## Supplied data
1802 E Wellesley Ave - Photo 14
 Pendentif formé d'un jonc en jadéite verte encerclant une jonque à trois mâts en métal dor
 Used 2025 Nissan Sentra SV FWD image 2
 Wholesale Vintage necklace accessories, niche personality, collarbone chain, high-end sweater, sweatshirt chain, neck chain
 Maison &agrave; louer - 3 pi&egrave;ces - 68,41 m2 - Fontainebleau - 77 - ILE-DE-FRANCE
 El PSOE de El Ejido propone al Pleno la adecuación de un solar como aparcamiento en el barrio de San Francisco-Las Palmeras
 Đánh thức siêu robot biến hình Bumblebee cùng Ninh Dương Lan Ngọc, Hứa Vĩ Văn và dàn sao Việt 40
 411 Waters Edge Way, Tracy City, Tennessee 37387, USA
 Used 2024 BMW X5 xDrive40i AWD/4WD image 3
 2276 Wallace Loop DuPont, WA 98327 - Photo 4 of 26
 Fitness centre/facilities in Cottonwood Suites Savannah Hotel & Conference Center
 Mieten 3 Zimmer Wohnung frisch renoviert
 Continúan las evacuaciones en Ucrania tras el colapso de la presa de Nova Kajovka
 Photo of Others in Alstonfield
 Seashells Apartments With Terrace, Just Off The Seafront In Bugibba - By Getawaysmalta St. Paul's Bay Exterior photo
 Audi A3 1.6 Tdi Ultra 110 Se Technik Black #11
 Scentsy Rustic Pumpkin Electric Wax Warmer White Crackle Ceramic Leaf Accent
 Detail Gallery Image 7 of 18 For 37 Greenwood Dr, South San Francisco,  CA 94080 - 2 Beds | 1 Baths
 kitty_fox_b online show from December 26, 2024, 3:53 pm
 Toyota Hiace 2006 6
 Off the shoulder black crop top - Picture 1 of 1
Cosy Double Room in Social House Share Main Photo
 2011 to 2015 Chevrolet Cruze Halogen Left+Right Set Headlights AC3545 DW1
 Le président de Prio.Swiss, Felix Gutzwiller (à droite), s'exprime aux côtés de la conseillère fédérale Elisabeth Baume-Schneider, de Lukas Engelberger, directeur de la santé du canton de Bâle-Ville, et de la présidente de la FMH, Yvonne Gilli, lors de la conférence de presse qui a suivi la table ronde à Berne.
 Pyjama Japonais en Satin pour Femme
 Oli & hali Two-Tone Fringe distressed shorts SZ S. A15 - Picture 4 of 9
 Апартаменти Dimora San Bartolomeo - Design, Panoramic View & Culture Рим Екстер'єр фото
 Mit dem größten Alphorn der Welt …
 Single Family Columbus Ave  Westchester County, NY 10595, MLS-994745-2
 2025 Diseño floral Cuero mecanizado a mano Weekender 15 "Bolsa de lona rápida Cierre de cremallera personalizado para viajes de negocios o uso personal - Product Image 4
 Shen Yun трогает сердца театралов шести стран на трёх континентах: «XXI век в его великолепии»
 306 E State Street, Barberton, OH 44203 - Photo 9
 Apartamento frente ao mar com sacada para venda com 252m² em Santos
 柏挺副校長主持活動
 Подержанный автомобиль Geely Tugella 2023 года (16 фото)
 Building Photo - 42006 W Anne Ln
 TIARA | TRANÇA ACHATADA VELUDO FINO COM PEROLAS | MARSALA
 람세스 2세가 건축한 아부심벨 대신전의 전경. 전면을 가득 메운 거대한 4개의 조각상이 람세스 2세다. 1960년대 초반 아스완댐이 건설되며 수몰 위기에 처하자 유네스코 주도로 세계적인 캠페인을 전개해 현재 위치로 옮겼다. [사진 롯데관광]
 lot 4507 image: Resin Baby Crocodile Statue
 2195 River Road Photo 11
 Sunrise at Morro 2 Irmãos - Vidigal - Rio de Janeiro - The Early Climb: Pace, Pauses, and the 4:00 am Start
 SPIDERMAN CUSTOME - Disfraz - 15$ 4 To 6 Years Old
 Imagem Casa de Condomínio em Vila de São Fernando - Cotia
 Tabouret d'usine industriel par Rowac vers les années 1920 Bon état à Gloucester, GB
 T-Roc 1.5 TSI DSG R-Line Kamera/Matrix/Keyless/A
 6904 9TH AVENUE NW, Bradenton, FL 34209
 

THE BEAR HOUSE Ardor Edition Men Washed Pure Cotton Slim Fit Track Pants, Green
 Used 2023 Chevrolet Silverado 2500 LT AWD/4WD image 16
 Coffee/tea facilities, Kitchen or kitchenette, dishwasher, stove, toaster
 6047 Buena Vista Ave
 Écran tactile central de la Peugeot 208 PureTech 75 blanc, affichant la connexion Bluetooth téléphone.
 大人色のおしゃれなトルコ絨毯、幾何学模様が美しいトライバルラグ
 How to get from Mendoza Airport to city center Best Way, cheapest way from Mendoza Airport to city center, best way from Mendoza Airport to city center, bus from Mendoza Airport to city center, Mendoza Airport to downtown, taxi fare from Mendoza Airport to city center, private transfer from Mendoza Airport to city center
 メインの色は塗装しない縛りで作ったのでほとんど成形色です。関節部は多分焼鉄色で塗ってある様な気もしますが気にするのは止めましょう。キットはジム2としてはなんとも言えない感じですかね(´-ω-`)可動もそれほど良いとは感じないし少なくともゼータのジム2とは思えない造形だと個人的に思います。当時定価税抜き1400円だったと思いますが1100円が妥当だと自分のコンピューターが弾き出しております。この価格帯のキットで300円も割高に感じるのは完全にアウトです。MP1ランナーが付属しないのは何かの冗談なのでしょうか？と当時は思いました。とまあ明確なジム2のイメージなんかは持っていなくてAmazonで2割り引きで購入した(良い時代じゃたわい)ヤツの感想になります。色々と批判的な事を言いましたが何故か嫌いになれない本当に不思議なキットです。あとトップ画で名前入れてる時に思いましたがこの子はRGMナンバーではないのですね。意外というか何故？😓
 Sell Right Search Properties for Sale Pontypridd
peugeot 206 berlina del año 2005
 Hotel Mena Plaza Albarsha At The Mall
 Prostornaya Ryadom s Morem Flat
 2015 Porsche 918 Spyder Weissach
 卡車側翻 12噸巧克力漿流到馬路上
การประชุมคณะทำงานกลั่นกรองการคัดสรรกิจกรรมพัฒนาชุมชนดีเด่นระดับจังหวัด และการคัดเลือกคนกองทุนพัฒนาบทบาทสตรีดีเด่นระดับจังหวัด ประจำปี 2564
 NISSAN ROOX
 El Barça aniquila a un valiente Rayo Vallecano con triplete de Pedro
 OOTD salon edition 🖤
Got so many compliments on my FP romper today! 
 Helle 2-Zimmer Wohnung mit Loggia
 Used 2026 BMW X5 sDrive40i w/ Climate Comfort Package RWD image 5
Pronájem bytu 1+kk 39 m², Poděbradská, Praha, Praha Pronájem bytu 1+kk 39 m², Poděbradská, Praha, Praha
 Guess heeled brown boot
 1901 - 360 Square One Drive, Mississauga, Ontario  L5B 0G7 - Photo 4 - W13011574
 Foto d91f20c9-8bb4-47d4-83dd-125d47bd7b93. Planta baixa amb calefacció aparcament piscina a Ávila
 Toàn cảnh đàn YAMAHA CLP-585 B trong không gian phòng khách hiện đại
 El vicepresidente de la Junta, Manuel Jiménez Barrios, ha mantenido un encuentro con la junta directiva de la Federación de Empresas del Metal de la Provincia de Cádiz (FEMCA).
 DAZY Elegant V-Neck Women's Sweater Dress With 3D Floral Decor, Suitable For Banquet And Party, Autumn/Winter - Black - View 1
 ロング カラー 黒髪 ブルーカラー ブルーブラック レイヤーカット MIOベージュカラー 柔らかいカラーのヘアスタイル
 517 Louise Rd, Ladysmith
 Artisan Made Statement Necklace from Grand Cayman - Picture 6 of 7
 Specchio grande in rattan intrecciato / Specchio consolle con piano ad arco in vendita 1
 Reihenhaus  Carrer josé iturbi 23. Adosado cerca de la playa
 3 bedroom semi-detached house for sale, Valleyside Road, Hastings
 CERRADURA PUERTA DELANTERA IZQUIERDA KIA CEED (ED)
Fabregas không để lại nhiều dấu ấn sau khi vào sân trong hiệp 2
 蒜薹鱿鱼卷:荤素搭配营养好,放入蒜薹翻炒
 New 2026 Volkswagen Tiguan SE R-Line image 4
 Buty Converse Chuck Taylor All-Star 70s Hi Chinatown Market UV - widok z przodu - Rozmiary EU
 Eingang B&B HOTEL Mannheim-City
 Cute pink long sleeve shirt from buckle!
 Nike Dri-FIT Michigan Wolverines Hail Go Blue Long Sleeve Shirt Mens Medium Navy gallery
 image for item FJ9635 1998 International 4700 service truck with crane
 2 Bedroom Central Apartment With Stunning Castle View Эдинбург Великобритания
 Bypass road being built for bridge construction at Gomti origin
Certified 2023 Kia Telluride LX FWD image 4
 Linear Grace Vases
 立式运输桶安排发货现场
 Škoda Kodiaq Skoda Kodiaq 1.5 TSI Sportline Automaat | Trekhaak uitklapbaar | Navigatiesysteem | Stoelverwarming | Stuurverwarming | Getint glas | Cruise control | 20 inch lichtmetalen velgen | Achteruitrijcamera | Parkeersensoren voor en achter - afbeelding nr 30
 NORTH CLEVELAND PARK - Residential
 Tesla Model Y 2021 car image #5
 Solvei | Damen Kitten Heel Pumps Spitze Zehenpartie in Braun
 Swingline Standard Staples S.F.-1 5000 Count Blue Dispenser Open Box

## What to work on
Retype the records above exactly, from their first line through the line that contains "Scentsy Rustic Pumpkin", and stop there.

## Solution for this problem
1802 E Wellesley Ave - Photo 14
 Pendentif formé d'un jonc en jadéite verte encerclant une jonque à trois mâts en métal dor
 Used 2025 Nissan Sentra SV FWD image 2
 Wholesale Vintage necklace accessories, niche personality, collarbone chain, high-end sweater, sweatshirt chain, neck chain
 Maison &agrave; louer - 3 pi&egrave;ces - 68,41 m2 - Fontainebleau - 77 - ILE-DE-FRANCE
 El PSOE de El Ejido propone al Pleno la adecuación de un solar como aparcamiento en el barrio de San Francisco-Las Palmeras
 Đánh thức siêu robot biến hình Bumblebee cùng Ninh Dương Lan Ngọc, Hứa Vĩ Văn và dàn sao Việt 40
 411 Waters Edge Way, Tracy City, Tennessee 37387, USA
 Used 2024 BMW X5 xDrive40i AWD/4WD image 3
 2276 Wallace Loop DuPont, WA 98327 - Photo 4 of 26
 Fitness centre/facilities in Cottonwood Suites Savannah Hotel & Conference Center
 Mieten 3 Zimmer Wohnung frisch renoviert
 Continúan las evacuaciones en Ucrania tras el colapso de la presa de Nova Kajovka
 Photo of Others in Alstonfield
 Seashells Apartments With Terrace, Just Off The Seafront In Bugibba - By Getawaysmalta St. Paul's Bay Exterior photo
 Audi A3 1.6 Tdi Ultra 110 Se Technik Black #11
 Scentsy Rustic Pumpkin Electric Wax Warmer White Crackle Ceramic Leaf Accent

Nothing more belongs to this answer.